Edit 2: A more detailed Example:
AtomicReference<CompletableFuture<Object>> outsideReference=new AtomicReference<>();
final var myOuterThread = new Thread(() ->
{
final var A = new CompletableFuture<Object>();
final var B = new CompletableFuture<Object>();
final var C = A.thenApplyAsync((element) -> new Object());
final var D = CompletableFuture.anyOf(A, C);
A.complete(new Object());
// throw new RuntimeException();
//outsideReference.set(B);
----->B.complete(new Object());<------ Edit: this shouldn't be here, i remove it in my next iteration
D.join();
});
myOuterThread.start();
//myOutherThread variable is nowhere else referenced, it's sayed so a local variable, to point on my text on it^^
So in the normal case here in my example i don't have a outside
reference. The CompletableFutures in the thread have never a chance
getting completed. Normally the GC can safely erase both the thread
and and the content in there, the CompetableFutures. But i don't
think so, that this would happen?
If I abbord this by throwing an exception -> the join() is never
reached, then i think all would be erased by the GC?
If I give one of the CompletableFutures to the outside by that AtomicReference, there then could be an chance to unblock the join(), There should be no GC here, until the unblock happens. BUT! the waiting myOuterThread on that join() doesen't have to to there anything more after the join(). So it could be an optimization erasing that Thread, before someone from outside completes B. But I think this would be also not happen?!
One more question here, how I can proof that behavior, if threads are blocked by waiting on a join() or are returned to a Thread-Pool?, where the Thread also "blocks"?

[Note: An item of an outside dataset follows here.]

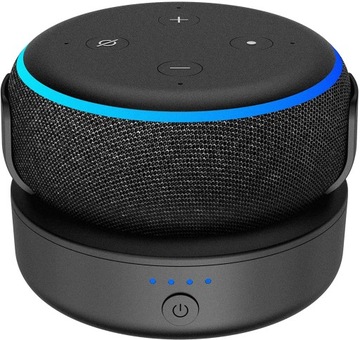 ПОРТАТИВНАЯ ДОК-СТАНЦИЯ E01 PlusAcc Dot 3, ЧЕРНАЯ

You seem to be struggling with different ways that CompletableFuture might leak, depending on how you created it. But it doesn't matter how, where, when or why it was created. The only thing that matters is whether or not it is still reachable.
Will the Garbage Collector remove all of that?
There are two places where we would expect there to be references to a CompletableFuture:
In the Runnable (or whatever) that would complete the future.
In any other code that would (at some point) attempt to get the eventual value from the future.
If you have a call thenApplyAsync() or anyOf() then the reference Runnable is in the arguments to that call. If the call can still happen, then the reference to the Runnable must still be reachable.
In your example:
var notStartedCompletableFuture = new CompletableFuture<Object>();
if the variable notStartedCompletableFuture is still accessible by some code that is still executing, then that CompletableFuture is reachable and won't be garbage collected.
On the other hand, if notStartedCompletableFuture is no longer accessible, and if the future is no longer reachable by some other path, then it won't be reachable at all ... and will be a candidate for garbage collection.
If there is a join() / get() at the end of that chain -> same question: Will the Garbage Collector remove all of that?
That makes no difference. It is all based on reachability. (The only wrinkle is that a thread that is currently alive1 is always reachable, irrespective of any other references to its Thread object. The same applies to its Runnable, and other objects reachable from the Runnable.)
But it is worth noting that if you call join() or get() on a thread / future that never terminates / completes, you will block the current thread, potentially for ever. And that is as bad as a thread leak.
1 - A thread is "alive" from when it is started to when it terminates.
When is the Thread-Executor signaled to schedule a new task?
It depends what you mean by "schedule". If you mean, when is the task submitted, the answer is when submit is called. If you mean, when is it actually run ... well it goes into the queue, and it runs when it gets to the head of the queue and a worker thread is free to execute it.
In the case of thenApplyAsync() and all_of(), the tasks are submitted (i.e. the submit(...) call occurs) when the respective method call occurs. So for example if thenApplyAsync is being called on the result of a previous call, then that call must return first.
This is all a consequence of the basic properties of Java expression evaluation ... applied to the expression that you are using to construct the chain of stages.
In general you don't need try / finally or try with resources to clean up potential memory leaks.
All you need to do is to make sure that you don't keep references to the various futures, stages, etc in variables, data structures, etc that will remain accessible / reachable beyond the lifetime of your computation. If you do that ... those references are liable to be the source of the leaks.
Thread leaks should not be your concern. If your code is not creating threads explicitly, they are being managed by the executor service / pool.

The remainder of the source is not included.